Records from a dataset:
=== Section Start ===

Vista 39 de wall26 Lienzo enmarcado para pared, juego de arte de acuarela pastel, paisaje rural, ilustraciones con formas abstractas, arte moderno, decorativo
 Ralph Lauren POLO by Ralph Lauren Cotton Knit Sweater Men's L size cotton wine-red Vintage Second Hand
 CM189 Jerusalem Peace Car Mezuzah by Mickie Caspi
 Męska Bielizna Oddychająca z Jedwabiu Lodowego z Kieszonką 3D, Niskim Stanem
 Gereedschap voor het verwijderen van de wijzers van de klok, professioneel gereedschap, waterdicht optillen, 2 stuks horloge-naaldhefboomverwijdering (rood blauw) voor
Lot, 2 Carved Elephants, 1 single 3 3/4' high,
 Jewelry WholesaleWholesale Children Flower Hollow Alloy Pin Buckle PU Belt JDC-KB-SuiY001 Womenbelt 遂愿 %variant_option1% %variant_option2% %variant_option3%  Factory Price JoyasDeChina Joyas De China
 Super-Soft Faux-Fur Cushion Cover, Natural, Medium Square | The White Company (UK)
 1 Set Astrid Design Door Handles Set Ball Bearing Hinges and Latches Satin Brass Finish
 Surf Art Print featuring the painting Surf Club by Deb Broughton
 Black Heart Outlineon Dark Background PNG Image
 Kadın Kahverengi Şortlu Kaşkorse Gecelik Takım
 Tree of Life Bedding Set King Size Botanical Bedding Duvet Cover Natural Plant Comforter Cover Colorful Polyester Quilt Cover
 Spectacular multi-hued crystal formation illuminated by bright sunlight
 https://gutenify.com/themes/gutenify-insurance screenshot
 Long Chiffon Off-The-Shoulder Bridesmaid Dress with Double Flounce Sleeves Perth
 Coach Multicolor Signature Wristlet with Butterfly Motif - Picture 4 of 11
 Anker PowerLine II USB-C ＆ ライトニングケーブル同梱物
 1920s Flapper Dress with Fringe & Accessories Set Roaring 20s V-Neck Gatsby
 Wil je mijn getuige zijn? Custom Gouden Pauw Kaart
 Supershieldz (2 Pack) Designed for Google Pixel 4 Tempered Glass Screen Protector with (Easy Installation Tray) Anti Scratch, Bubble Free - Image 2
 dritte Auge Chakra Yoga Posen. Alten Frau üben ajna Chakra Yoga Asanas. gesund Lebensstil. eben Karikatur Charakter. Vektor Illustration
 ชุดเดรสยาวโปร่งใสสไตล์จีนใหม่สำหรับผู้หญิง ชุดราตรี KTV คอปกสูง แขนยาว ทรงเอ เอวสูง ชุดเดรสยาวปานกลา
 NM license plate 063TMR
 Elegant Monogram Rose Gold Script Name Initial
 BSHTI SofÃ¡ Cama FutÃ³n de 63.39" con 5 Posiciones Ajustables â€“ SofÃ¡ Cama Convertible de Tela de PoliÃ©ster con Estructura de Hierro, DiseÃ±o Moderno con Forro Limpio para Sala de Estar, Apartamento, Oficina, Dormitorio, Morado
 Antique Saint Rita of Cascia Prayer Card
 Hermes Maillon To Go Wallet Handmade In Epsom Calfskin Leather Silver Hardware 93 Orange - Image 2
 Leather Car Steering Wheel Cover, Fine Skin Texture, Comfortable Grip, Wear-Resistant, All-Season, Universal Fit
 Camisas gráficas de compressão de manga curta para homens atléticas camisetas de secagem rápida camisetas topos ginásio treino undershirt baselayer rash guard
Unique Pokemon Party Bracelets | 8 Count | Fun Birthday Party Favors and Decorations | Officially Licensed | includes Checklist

=== Section End ===

_THE PROBLEM_. Only the lines from the first line of the records through the one containing "Lot, 2 Carved" should be reproduced, exactly, with both of them included.

_COMPLETED EXERCISE_.
Vista 39 de wall26 Lienzo enmarcado para pared, juego de arte de acuarela pastel, paisaje rural, ilustraciones con formas abstractas, arte moderno, decorativo
 Ralph Lauren POLO by Ralph Lauren Cotton Knit Sweater Men's L size cotton wine-red Vintage Second Hand
 CM189 Jerusalem Peace Car Mezuzah by Mickie Caspi
 Męska Bielizna Oddychająca z Jedwabiu Lodowego z Kieszonką 3D, Niskim Stanem
 Gereedschap voor het verwijderen van de wijzers van de klok, professioneel gereedschap, waterdicht optillen, 2 stuks horloge-naaldhefboomverwijdering (rood blauw) voor
Lot, 2 Carved Elephants, 1 single 3 3/4' high,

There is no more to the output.